# Lola is home!



## West End Girl (Feb 18, 2011)

I'd have posted yesterday, but after you here our saga, I might be forgiven!

We got up early yesterday to head out on our almost 5 HOUR trip (one way) to pick up our Lola. Well......as we stopped at the drive-thru for coffee, my husband turned on the weather report only to discover that the MAIN highway to get us there (quickly and most directly) was CLOSED! The weather was treacherous, white outs, ZERO visibility, ice patches, accidents galore.

Our hearts sank. And the kids.....well, our son who's 7 was ok, but our 9 year old daughter was devastated......her eyes like Niagara Falls. We waited a bit and seeing the disappointment on their faces, I made the decision that if the HWY re-opened, I would be willing to drive us back in the night.....if that's what it took. Besides, the weather wasn't looking any better for the next day and so, what to do?

The kids' prayers must have been answered as soon, we heard the highway re-opened. Slow, blustery, but moving. We wasted no time. Long story short.....we hopped in the SUV and drove off! Made it safely there and back......but w/o it's challenges!

First of all, our breeder and family who raised these pups is phenomenal. We couldn't have found a better breeder. Very VERY lucky and believe me.....we've had some breeder nightmares (another time), so finding the right one kind of like winning the lottery. I still cannot believe how lucky we got (thanks to KSC & her referral to 1 breeder who referred me to ours)

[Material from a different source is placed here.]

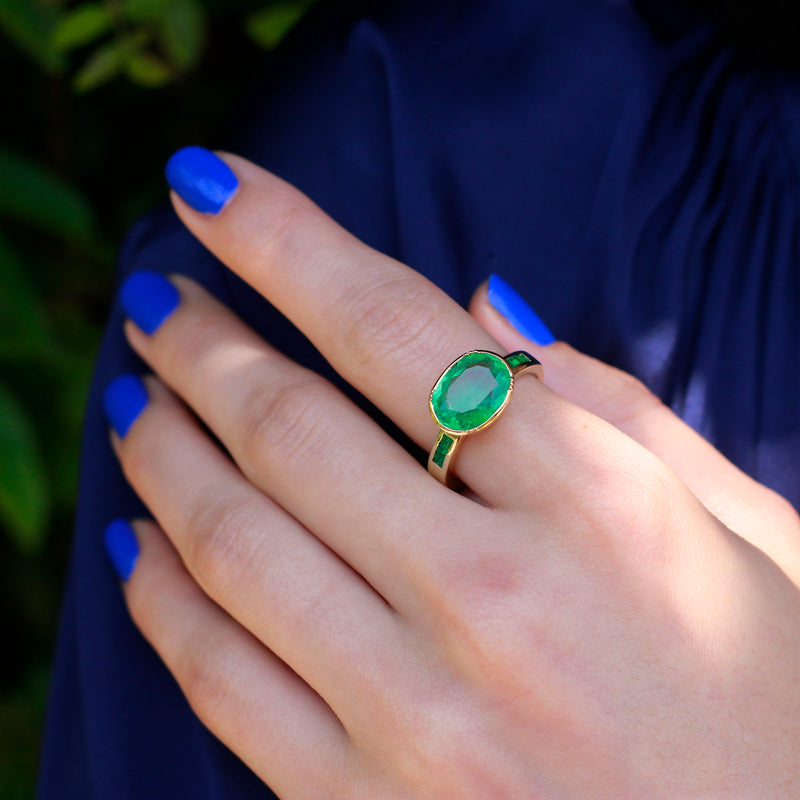 EMERALD ORBIT EMERALD BAND RING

Lola LOVED us immediately. She was the only female and has 4 brothers. She is the smallest, but also feisty......can hold her own, but is a real "lady"

The trip home could have been turned into a movie! It was dark as we headed back and I finally got to use my highbeams which believe me, were NEEDED! So, she vomited 3 times, pooped once, barked, but this occurred early on in the trip back home. She slept most of the way. Must say that the bonus is that Lola was exceptionally calm & co-operative when being changed/cleaned up- didn't squirm or complain one bit. A real Angel.

Without further adieu, some pictures as promised. Challenging to take really good ones as she moves quite a bit, but here's what I managed this morning.

We LOVE her! And I'll post further on how she's progressing as I feel as though I've written a novel here!

Our girl Lola!


----------



## whimsy (Apr 3, 2010)

oh my gosh...what a trip huh??
Worth it! What a little doll...cute as a button!
I'm thinking she is going to be very pampered from the looks of the pictures! LOL


----------



## clare (Feb 6, 2010)

Lola is absolutely lovely, and your pics are charming.I love the one of her snuggled up in,is it your daughters arm?, so sweet.So do you know how much she weighs?I think the little ladies can be hilarious[I know ours is]and know how to wind you around their little paws!But the boys are just as wonderful!


----------



## davetgabby (Dec 29, 2007)

Wow what a pick up. She's a doll. Enjoy.


----------



## West End Girl (Feb 18, 2011)

Yes, the drive was interesting!

That leopard bed by the way, was originally ordered for our cats who took one look at it and said, "I don't think so!" So now, it belongs to someone who recognizes and appreciates it!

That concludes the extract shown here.